“I started my military career as an infantryman with 101st Airborne Division In 1995,” said veteran Bob Blackburn. “When my enlistment ended, I transferred to Bravo company, 216th Engineer Battalion, Ohio National Guard.”
The Armory was located in Portsmouth, Ohio, which was close to home for Blackburn. He was assigned to the 2nd Platoon, where he quickly made friends. Over the next few years, Blackburn married and started a family with his wife Jennifer, continuing his work in the military.
But things changed after 9/11.
All military branches began preparation for Operation Enduring Freedom and later, Operation Iraqi Freedom.
“In spring of 2003 my unit was in Panama conducting some humanitarian missions when the U.S. started bombing Iraq,” said Blackburn. “We knew our time would be coming soon. When I got back to the states I found out that my wife was pregnant, due sometime in October. We had my youngest son on Oct 31st and in December were notified of activation to Title 10, meaning we were now on active duty and a deployment to Iraq or Afghanistan was imminent. We still operated out of our Armory in Portsmouth but it wasn’t ‘part-time’ anymore.”
Blackburn was promoted to Staff Sergeant and took the 2nd Squad Leader position. In January, the group left home for Pre-Mobilization base at Camp Atterbury, Indiana.
“We spent the next month undergoing intense physical training, advanced rifle marksmanship, heavy weapons training, land navigation and Platoon/Company training. We had to be validated by Army Observers to qualify as Battle Ready. This Training really brought our Company together and started weaving the bond that we would later find to be unbreakable. While at Camp Atterbury we learned that would be deploying to Kuwait sometime late winter and then into Iraq.”
Blackburn left behind 6 inches of snow for 75 degree weather in Camp Virginia in Kuwait.
From there, Blackburn was put in charge of leading his convoy from Kuwait to Tikrit, Iraq, a grueling 600 mile, two day trip.
“I will never forget crossing the Kuwait-Iraq border. The reality really set in and we knew it was going to be a life changing event. We made it to our home away from home at Forward Operating Base (FOB) Speicher just north west of Tikrit. We were occupying a vacated Iraqi army base which had hardstand buildings. It was nice to know we had some shelter at night. Our platoon spent the next few weeks at FOB Speicher. We spent time improving our living conditions and acclimating to Iraq.”
Soon after, Blackburn’s platoon leader informed him that he would be taking half the platoon to FOB Caldwell, near the Iranian border to conduct Engineering Operations for a few months.
“We would be providing security for our heavy equipment operators and transporting them
from point A to B. We packed light and started preparing for the movement,” Blackburn explained. ” My group spent the next few months moving our operators from FOB to FOB. The operators were repairing entry/exit points, building berms and placing concrete barriers to improve security at the Forward Operating Bases. Our group spent a lot of time outside the wire but we always maintained a strong sense of security. We had some small arms engagements and the insurgents loved to launch rockets and mortars at night. Our biggest fear was IEDs, because you just never knew.”

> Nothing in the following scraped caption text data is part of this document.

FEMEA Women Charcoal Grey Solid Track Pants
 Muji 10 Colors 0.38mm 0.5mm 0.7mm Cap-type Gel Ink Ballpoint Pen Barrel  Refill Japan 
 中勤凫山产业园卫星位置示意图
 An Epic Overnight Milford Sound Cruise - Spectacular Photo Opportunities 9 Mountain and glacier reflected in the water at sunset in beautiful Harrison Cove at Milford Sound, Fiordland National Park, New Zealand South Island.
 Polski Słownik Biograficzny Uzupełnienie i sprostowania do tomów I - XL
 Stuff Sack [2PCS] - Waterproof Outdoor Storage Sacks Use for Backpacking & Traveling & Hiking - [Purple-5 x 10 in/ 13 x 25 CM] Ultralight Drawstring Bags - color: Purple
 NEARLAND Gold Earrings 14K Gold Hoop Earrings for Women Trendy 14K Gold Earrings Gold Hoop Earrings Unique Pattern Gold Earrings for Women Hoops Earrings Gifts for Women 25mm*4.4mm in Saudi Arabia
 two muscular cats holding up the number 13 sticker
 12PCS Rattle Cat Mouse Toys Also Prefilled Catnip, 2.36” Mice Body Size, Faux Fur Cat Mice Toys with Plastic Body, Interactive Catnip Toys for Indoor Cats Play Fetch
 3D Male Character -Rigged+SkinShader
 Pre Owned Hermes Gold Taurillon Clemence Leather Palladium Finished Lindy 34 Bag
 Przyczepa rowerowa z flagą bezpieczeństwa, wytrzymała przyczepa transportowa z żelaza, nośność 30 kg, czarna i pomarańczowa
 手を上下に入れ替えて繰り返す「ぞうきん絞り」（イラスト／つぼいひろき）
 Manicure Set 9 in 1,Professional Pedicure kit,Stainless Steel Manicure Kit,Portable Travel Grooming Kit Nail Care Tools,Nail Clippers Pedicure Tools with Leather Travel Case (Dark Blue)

According to Blackburn, being on guard constantly put a strain on their minds and bodies, but they stuck together, and looked out for one another.
“We were family then and still are,” he said. “After our time at FOB Caldwell we returned to FOB Speicher to regroup and prepare for our next missions. My platoon was split again and my group was deployed to FOB 7. We occupied the recently deceased Qusay Hussein Estate just south west of Samarra, Iraq. Here we would create an FOB to support troop staging for the retaking of Samarra, later to come. We completed fortifying the FOB and then the Iraqi National Guard starting occupying part of FOB. They would be part of the Campaign to rid Samarra of the insurgency.”
Blackburn recalls one particular night during this time, where things got dangerous.
“One night we playing cards and a younger soldier said ‘I can’t believe that they haven’t attacked us yet’. Not two minutes later mortar shells came raining in and we spent the remainder of the night patrolling our area to ensure it wasn’t more than indirect fire. The mortars had been hastily fired and no one was hurt thank God, it just reminded us to not get lax.”
Shortly after, Blackburn and his platoon returned to FOB Speicher and spent the remainder of their time conducting logistical operations, patrols, route clearance and internal work at the facilities within Speicher.
In March of 2005, Blackburn finally returned home.
“Our families, friends, communities and country greeted us with respect and gratitude. During our time deployed a lot of boys became men and girls became women,” explained Blackburn. “We learned so much about ourselves and others. I’m grateful to have had the experience. I know my family struggled with my absence but the group I deployed with were truly outstanding Soldiers.”